- [Instructions for the task]
What's needed is the listing below, repeated word for word with no pictures.

- [Data block]

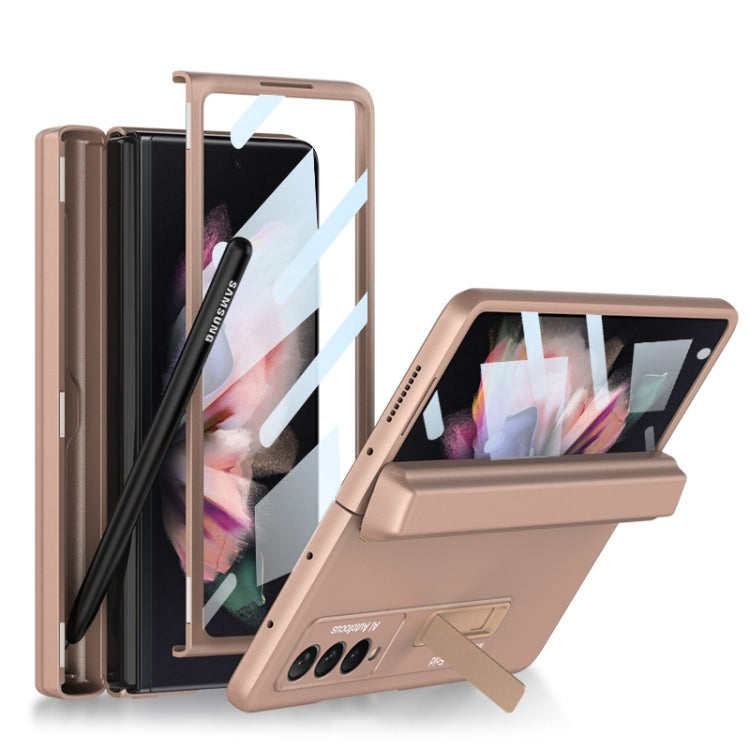 Custodia a libro magnetica integrata GKK a copertura totale con custodia per penna, For Samsung Galaxy Z Fold3 5G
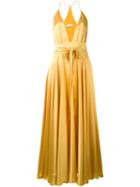 Racil - Bianca Dress - Women - Polyester/triacetate/viscose - 38, Yellow/orange, Polyester/triacetate/viscose
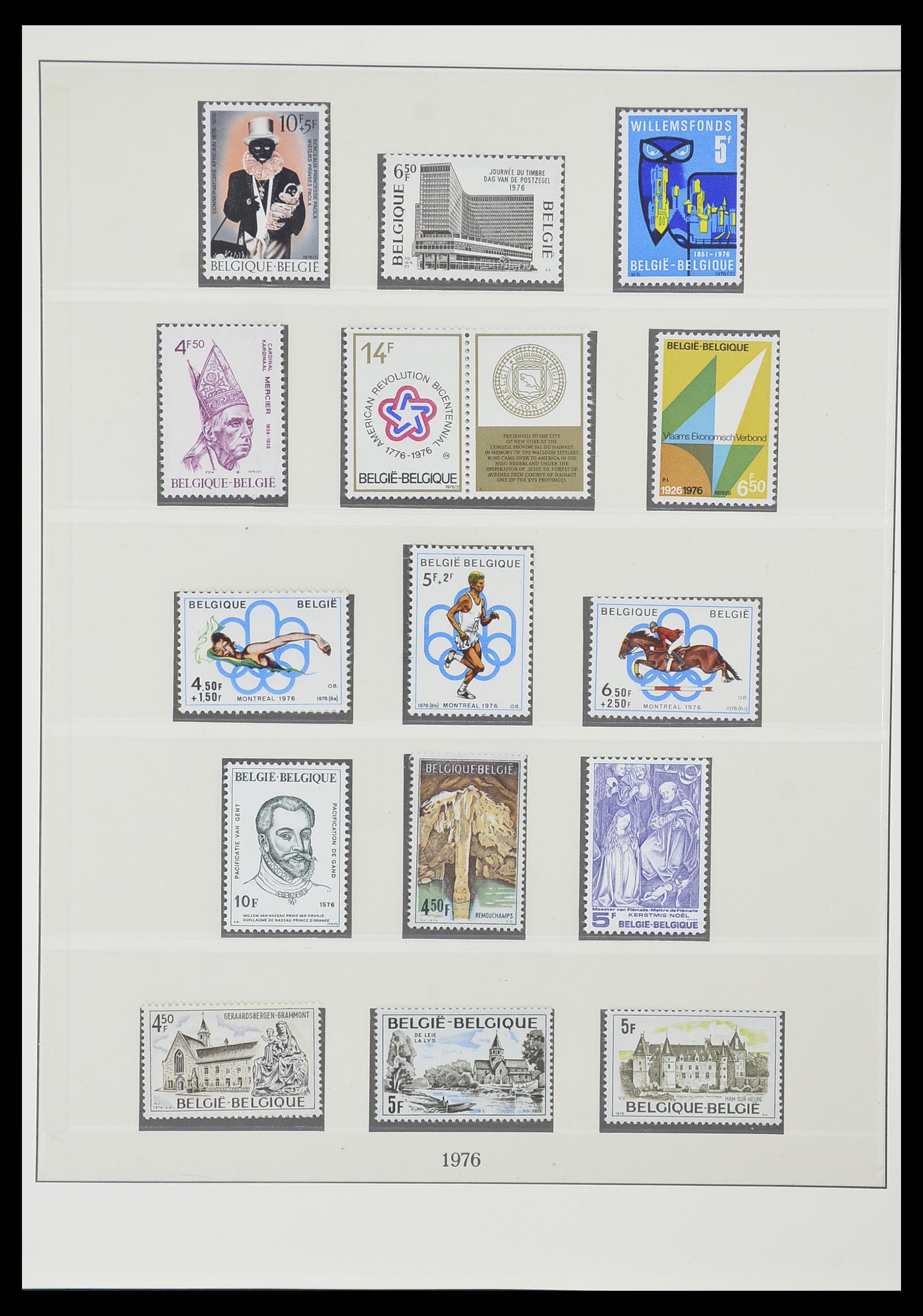 33860 058 - Stamp collection 33860 Belgium 1963-2008.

- [Expected answer]
 Custodia a libro magnetica integrata GKK a copertura totale con custodia per penna, For Samsung Galaxy Z Fold3 5G
 Racil - Bianca Dress - Women - Polyester/triacetate/viscose - 38, Yellow/orange, Polyester/triacetate/viscose
 33860 058 - Stamp collection 33860 Belgium 1963-2008.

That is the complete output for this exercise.